Dataset records:
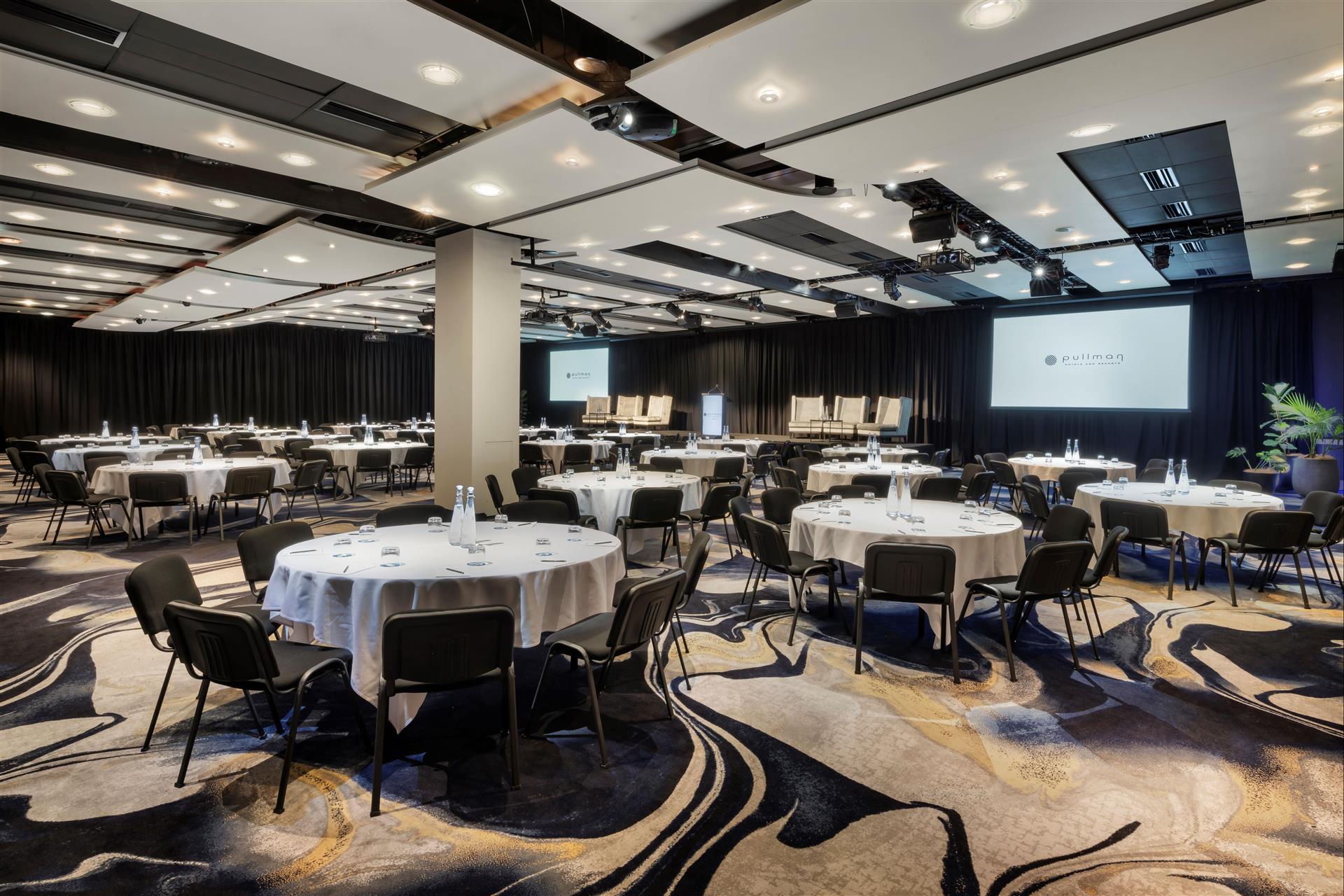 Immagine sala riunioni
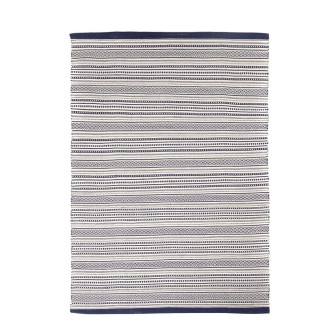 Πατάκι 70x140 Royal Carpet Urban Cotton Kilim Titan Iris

==

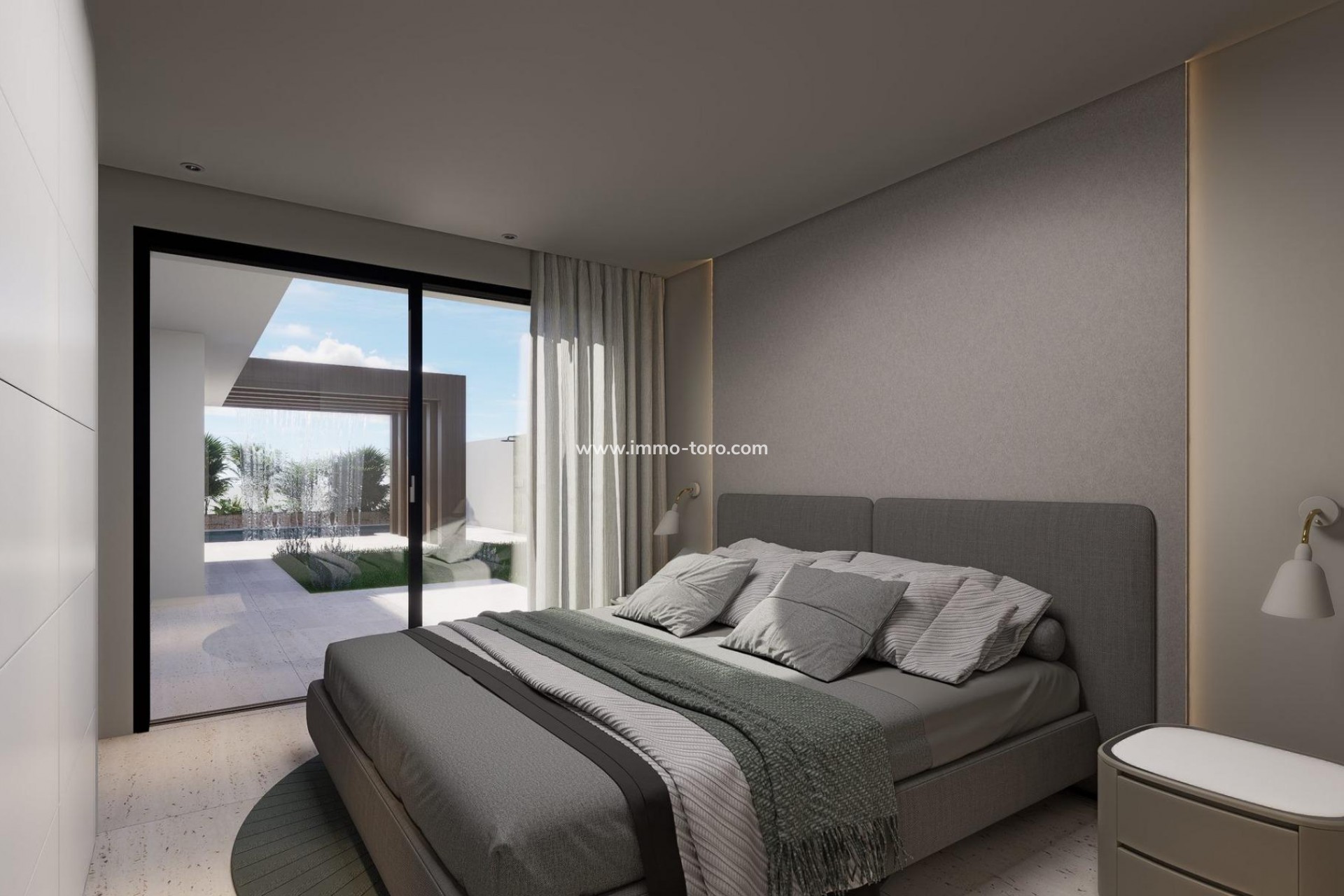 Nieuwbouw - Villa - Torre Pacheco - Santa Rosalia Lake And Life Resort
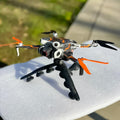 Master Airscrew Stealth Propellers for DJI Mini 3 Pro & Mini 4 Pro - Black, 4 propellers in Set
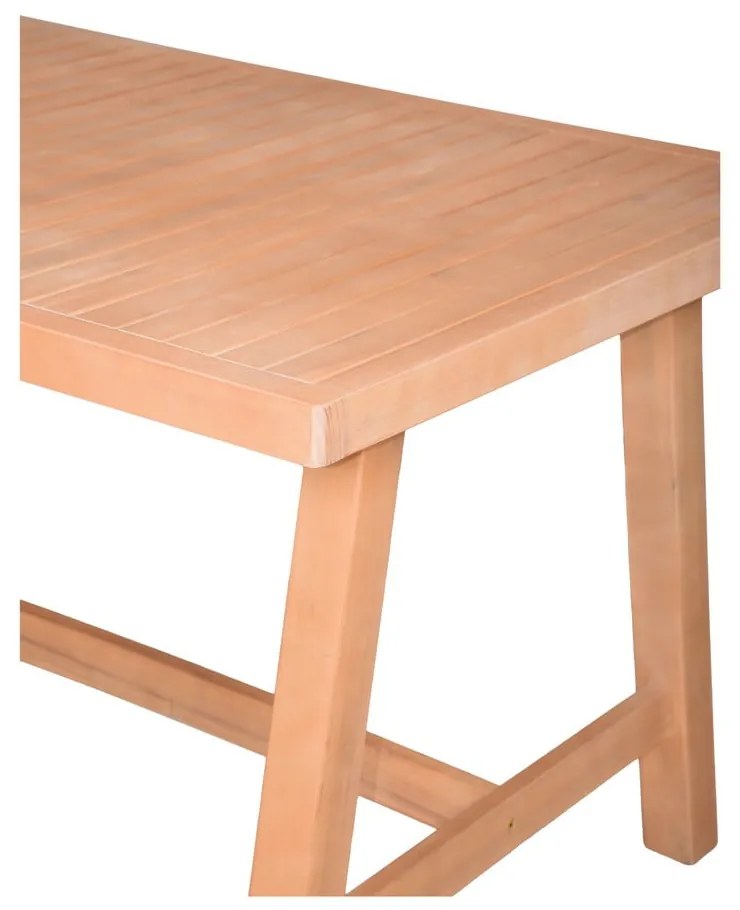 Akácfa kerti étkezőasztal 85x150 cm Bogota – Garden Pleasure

Your objective: Only one stretch of the listing above is to be duplicated: the lines from the one containing "Immagine sala riunioni" through the one containing "Πατάκι 70x140 Royal", both included. Copy them exactly, minus the pictures.

Task response:
 Immagine sala riunioni
 Πατάκι 70x140 Royal Carpet Urban Cotton Kilim Titan Iris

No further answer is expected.